Q: How did you become interested in nuclear?
A: Ville Tulkki started being interested in climate change while in high school and even considered himself anti-nuclear during his time at university. Tulkki studied engineering physics with the intent of pursuing the renewable energy industry. After learning the scientific facts, Tulkki determined that some of the information he had been taught and heard from leaders was false. He started a summer job in fusion research at a lab on campus and switched to Generation IV nuclear for his master’s program, which includes gas-cooled and molten salt reactors. This generation is supposed to be safer, more versatile, and more economical.
Q: What work were you doing around Generation IV nuclear reactors?
A: Ville Tulkki first worked on a supercritical water nuclear reactor, in which water is pressurized to a point at which it doesn’t boil, but instead transitions from a liquid state to fluid state and is used in turbines to improve efficiency. He then started working on nuclear fuel safety for currently operating nuclear reactors. Tulkki joined VTT and started working on fuel behavior analysis, which looks at the state of the fuel in terms of characteristics such as thermoconductors, mechanical effects of changing temperatures, and stresses and strains on pellets and cladding.
Q: What happens to fuel rods over time?
A: Ville Tulkki analyzes how the state of fuel rods change over time and how accidents could affect the fuel. These tests are modeled based on data from materials testing reactors. Tulkki is the Finnish technical delegate to Halden project, which is a fifty year old boiling water reactor in Norway. He is also a working group member on Jules Horowitz reactor in France which is a new materials testing reactor. This reactor is available for use by researchers worldwide and has very high capabilities. Tulkki is modeling the response to the pressure differential between the fuel rod and the cladding.

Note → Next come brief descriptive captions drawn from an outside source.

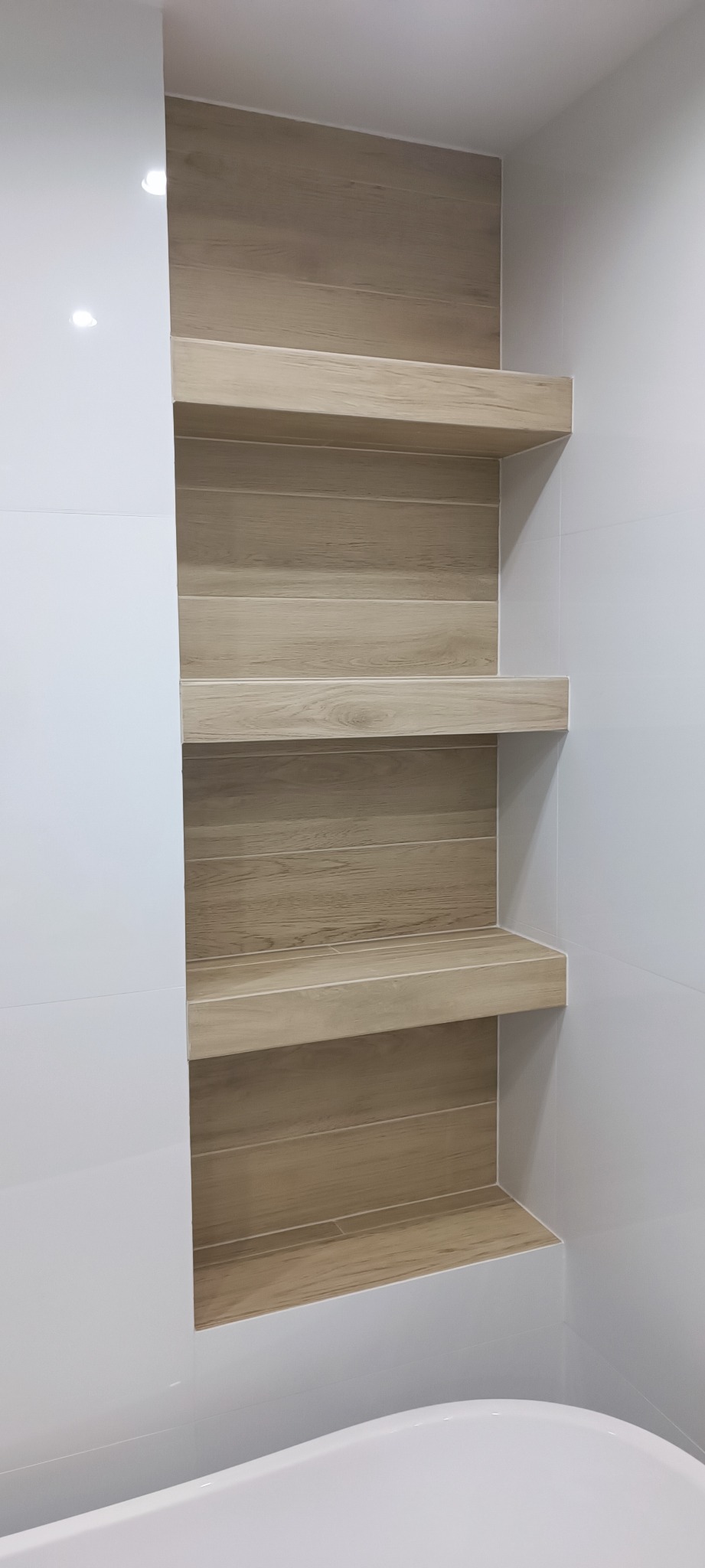 Wnęka w łazience wyłożona płytkami imitującymi drewno, z trzema półkami, sąsiadująca z białą ścianą wyłożoną błyszczącymi płytkami.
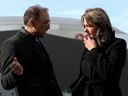 Mayor Amarjeet Sohi and Premier Danielle Smith chat following a press conference to officially announce a funding agreement for a new $250 million OEG event fan park outside Rogers Place, in downtown Edmonton Friday March 7, 2025. Photo by David Bloom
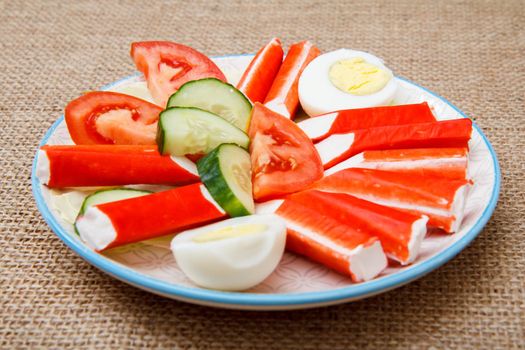 Plate with crab sticks, boiled egg and freshly sliced tomato and cucumber on sackcloth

Q: How did you get involved in small modular reactors (SMR’s)?
A: Ville Tulkki was asked to coordinate an EU proposal on licensing small modular reactors (SMR’s) and learned a lot about the technology during his research. Tulkki proposed some initial internal projects for SMR’s focused on gaining expertise that got privately funded, which leads to involvement in public projects and then, eventually, commercial projects. SMR’s currently being proposed are expensive, but have the possibility of more reliable production and construction. Some designs have been intentionally agile in the amount of electricity they can deliver to the grid, in order to adapt to many different purposes. Large nuclear plants can do some load following, but smaller reactors have even more capability for load following and at a quicker pace. Nuclear-powered icebreakers, such as used on some Russian ships, can ramp up extremely quickly.
Q: What are some other things you look into with regards to SMR’s?
A: Ville Tulkki is researching small modular reactors (SMR’s) for heat use. Only a fraction of heat produced at large nuclear reactors can be used since it is created at such a large quantity. Smaller reactors create heat at a level that can actually be used by consumers, such as chemical production that use catalytic processes and drying pulp at paper mills. District heating is also a possible use of SMR’s. Tulkki’s high level studies analyzes why people should be interested in SMR’s, focusing on the self-sufficiency, low carbon footprint, and cost of electricity. After publishing a paper on the possibility of district heating through the use of SMR’s, Tulkki became highly sought after in Finland for his knowledge of the technology. In his role, Tulkki tries to bring the most factual information forward for the public to make their own decision and form their own opinions.
Q: What’s next for you and what do you see coming down the line in the nuclear field?
A: Ville Tulkki is currently working on submitting proposals and funding applications for new projects around small modular reactors. Tulkki’s technical research has involved the future of district heating, which is currently serviced by traditional industries such as coal, biomass, and gas. Projects in the U.S., like NuScale, and the Chinese gas-cooled nuclear reactor are examples of new technologies that could be used for district heating.